Your job is to implement augment an existing key-value store to give
the programmer simple support for transactional commit of multiple
key/value updates. Of the ACID properties, the only ones we care
about for this assignment are A and D: you have to make sure once a
transaction commits, it is durable on disk, even after failure, and
you have to make sure that either the entire transaction commits or
none of it does. However, you do not need to worry about
concurrency control; you can assume only a single transaction at a
time occurs.
To do this, you will need to implement a write-ahead logging
module. Your module will implement a NO-STEAL / NO-FORCE buffer
management policy:
- NO-FORCE: you will not overwrite values in the key-value
store until sometime after the transaction has committed.
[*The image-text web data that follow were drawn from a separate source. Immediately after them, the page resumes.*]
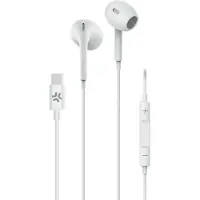 Celly UP1300TYPECWH écouteur/casque Avec fil Ecouteurs Appels/Musique USB Type-C Blanc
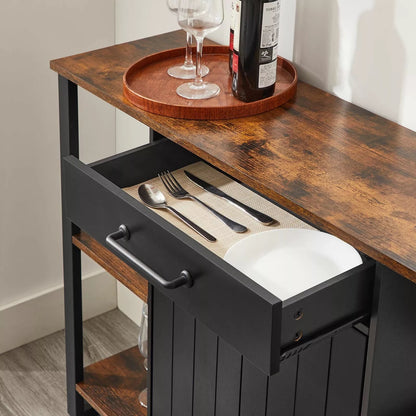 In And OutdoorMatch Dressoir Bethany - Keuken - Kast met Lade - Bijzetkast - Met Deurtjes - Multifunctionele Kast - Metalen Frame - Voor Woonkamer - Eetkamer - Hal - Vintage Bruin/Zwart Kast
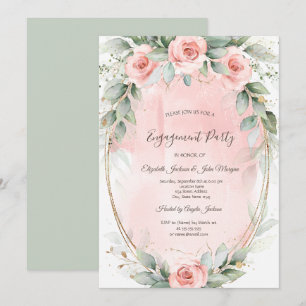 Invitation Roses rose saumon Cadre doré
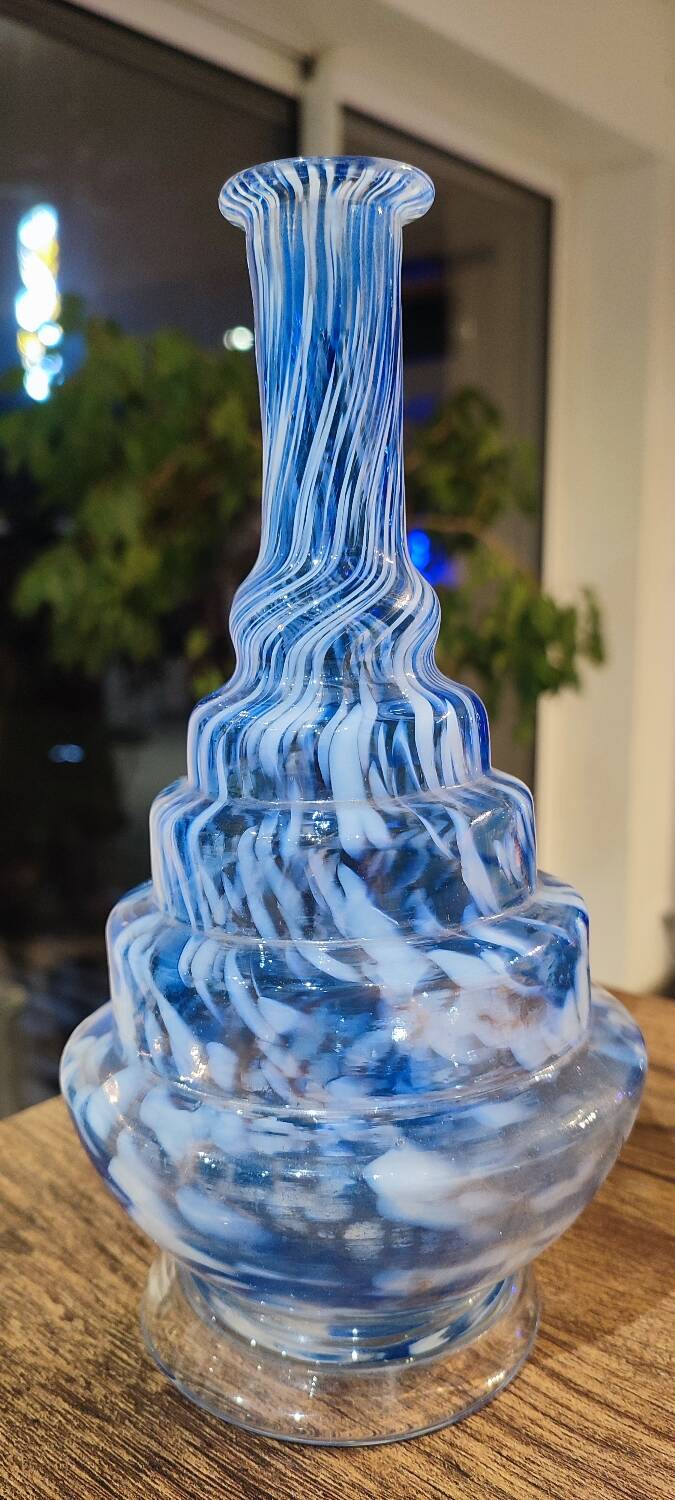 Blown glass bottle, Clichy glassworks, 20th century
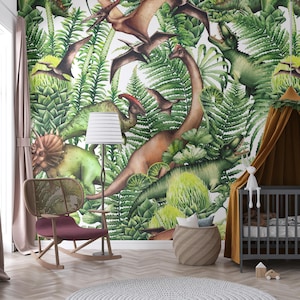 Dinosaur Wallpaper: Green Jurassic Mural, Kids Playroom Decor (Peel & Stick)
This
means that transactional updates need to be in the log in the form
of REDO records -- i.e., you'll build a write-ahead log! Once the
commit record hits the log, you will then be able to issue updates
to the key-value store itself, though you'll need to decide when
to actually do this work. Upon recovery after a crash, you will
need to replay some part of the write-ahead log against the
key-value store to bring it up to date. (You have to figure out
how to decide which part of the log to REDO.)
- NO-STEAL: you will not overwrite the key-value store with
uncommitted transactional updates; more specifically, you can only
modify the key-value store with updates from a committed
transaction. This means you don't need UNDO records in the log.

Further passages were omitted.